● Your objective
Would you print the records below word for word, without the pictures?
=====
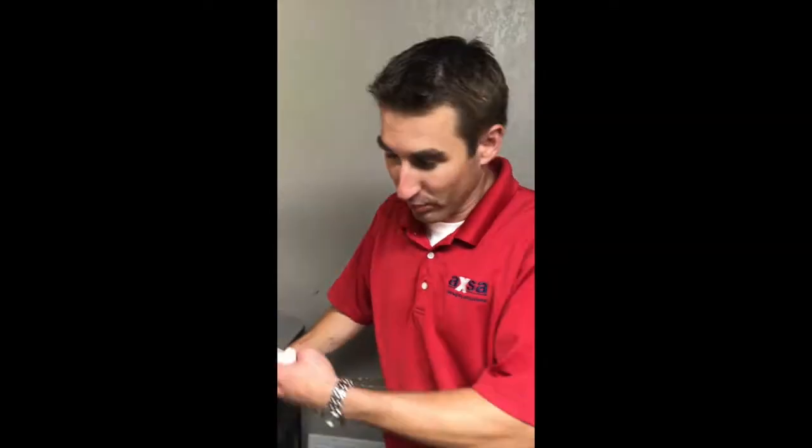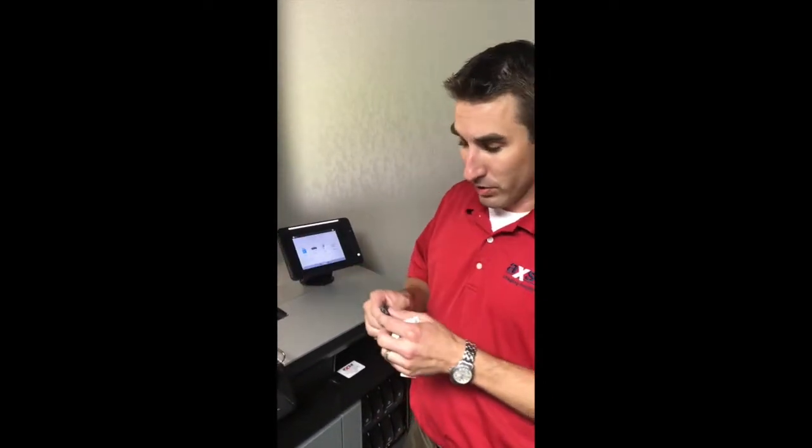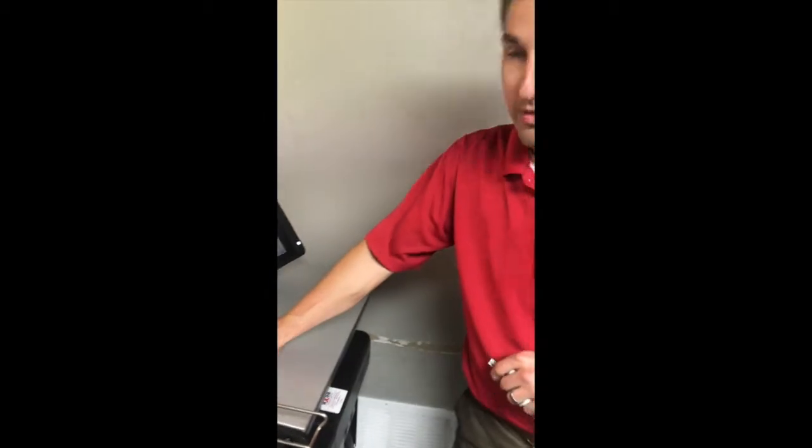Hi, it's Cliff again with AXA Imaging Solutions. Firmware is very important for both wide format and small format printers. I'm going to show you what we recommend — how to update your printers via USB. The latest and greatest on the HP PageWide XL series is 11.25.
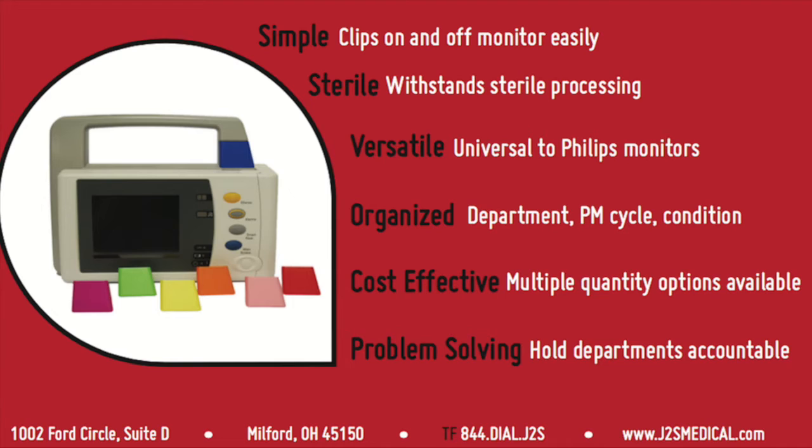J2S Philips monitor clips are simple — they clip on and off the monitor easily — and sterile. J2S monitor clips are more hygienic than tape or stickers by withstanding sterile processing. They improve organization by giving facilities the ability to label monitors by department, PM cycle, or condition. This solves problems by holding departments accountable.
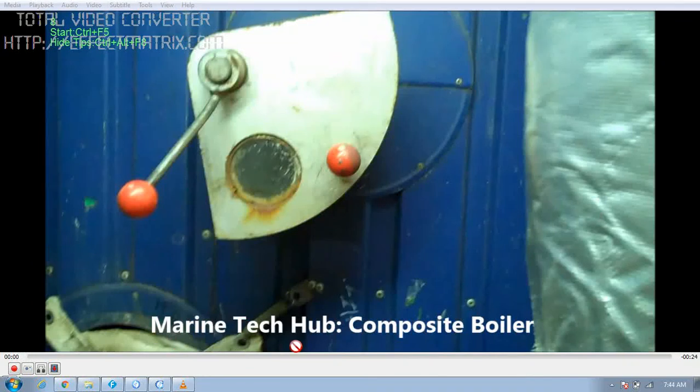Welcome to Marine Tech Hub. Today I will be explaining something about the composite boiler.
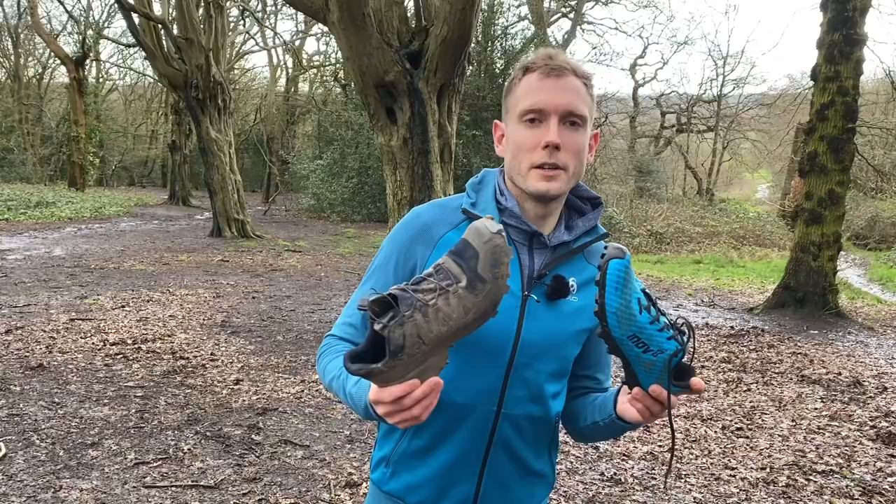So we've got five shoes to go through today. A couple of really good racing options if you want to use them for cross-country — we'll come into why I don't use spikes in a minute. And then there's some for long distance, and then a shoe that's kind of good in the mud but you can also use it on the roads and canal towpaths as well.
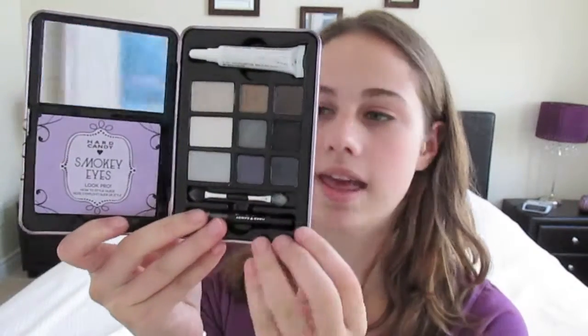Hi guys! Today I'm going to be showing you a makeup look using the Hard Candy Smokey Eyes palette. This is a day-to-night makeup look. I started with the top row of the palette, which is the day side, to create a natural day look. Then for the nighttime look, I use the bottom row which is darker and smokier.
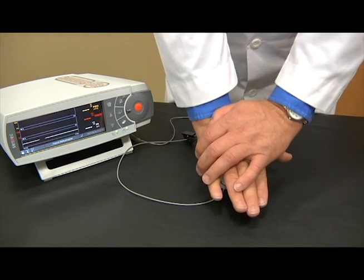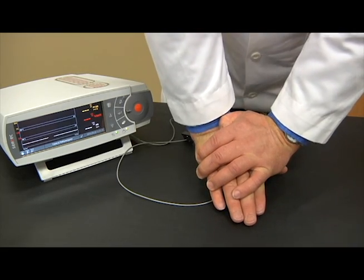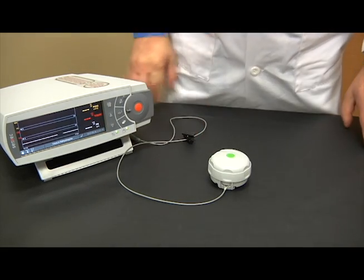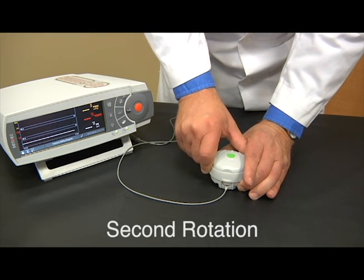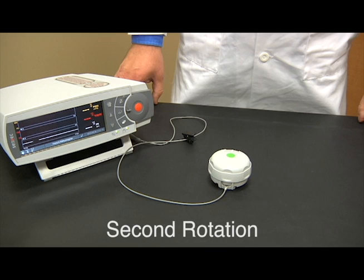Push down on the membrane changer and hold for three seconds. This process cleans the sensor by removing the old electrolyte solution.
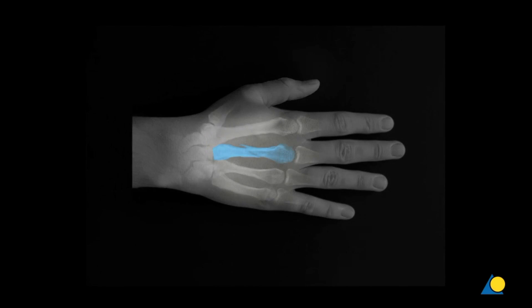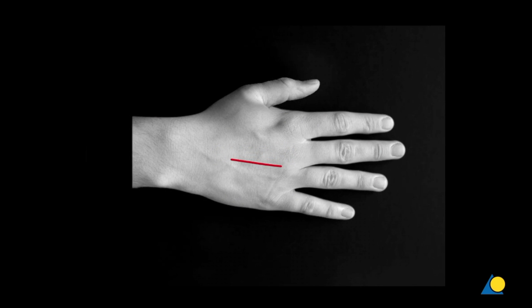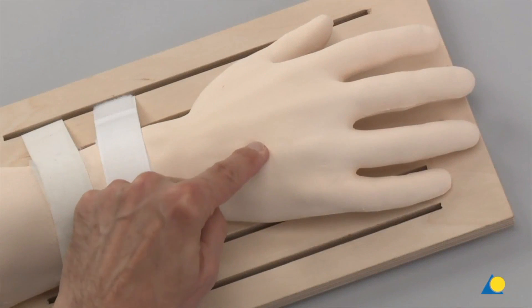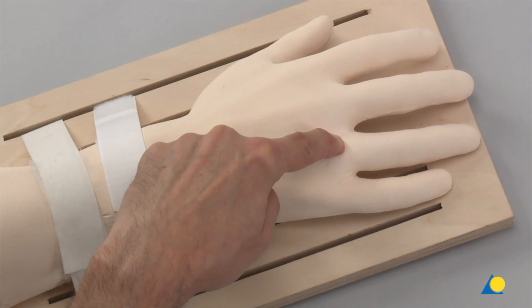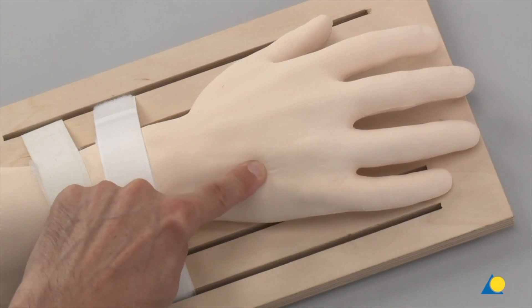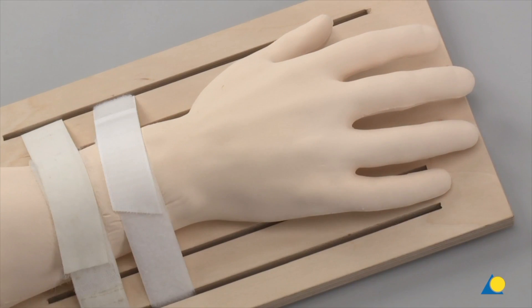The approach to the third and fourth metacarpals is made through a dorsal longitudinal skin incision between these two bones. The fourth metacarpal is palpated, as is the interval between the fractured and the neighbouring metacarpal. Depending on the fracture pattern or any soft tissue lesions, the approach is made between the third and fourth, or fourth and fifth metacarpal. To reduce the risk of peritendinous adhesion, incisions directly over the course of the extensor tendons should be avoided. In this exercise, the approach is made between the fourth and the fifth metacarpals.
=====
● Written solution
Hi, it's Cliff again with AXA Imaging Solutions. Firmware is very important for both wide format and small format printers. I'm going to show you what we recommend — how to update your printers via USB. The latest and greatest on the HP PageWide XL series is 11.25.
J2S Philips monitor clips are simple — they clip on and off the monitor easily — and sterile. J2S monitor clips are more hygienic than tape or stickers by withstanding sterile processing. They improve organization by giving facilities the ability to label monitors by department, PM cycle, or condition. This solves problems by holding departments accountable.
Welcome to Marine Tech Hub. Today I will be explaining something about the composite boiler.
So we've got five shoes to go through today. A couple of really good racing options if you want to use them for cross-country — we'll come into why I don't use spikes in a minute. And then there's some for long distance, and then a shoe that's kind of good in the mud but you can also use it on the roads and canal towpaths as well.
Hi guys! Today I'm going to be showing you a makeup look using the Hard Candy Smokey Eyes palette. This is a day-to-night makeup look. I started with the top row of the palette, which is the day side, to create a natural day look. Then for the nighttime look, I use the bottom row which is darker and smokier.
Push down on the membrane changer and hold for three seconds. This process cleans the sensor by removing the old electrolyte solution.
The approach to the third and fourth metacarpals is made through a dorsal longitudinal skin incision between these two bones. The fourth metacarpal is palpated, as is the interval between the fractured and the neighbouring metacarpal. Depending on the fracture pattern or any soft tissue lesions, the approach is made between the third and fourth, or fourth and fifth metacarpal. To reduce the risk of peritendinous adhesion, incisions directly over the course of the extensor tendons should be avoided. In this exercise, the approach is made between the fourth and the fifth metacarpals.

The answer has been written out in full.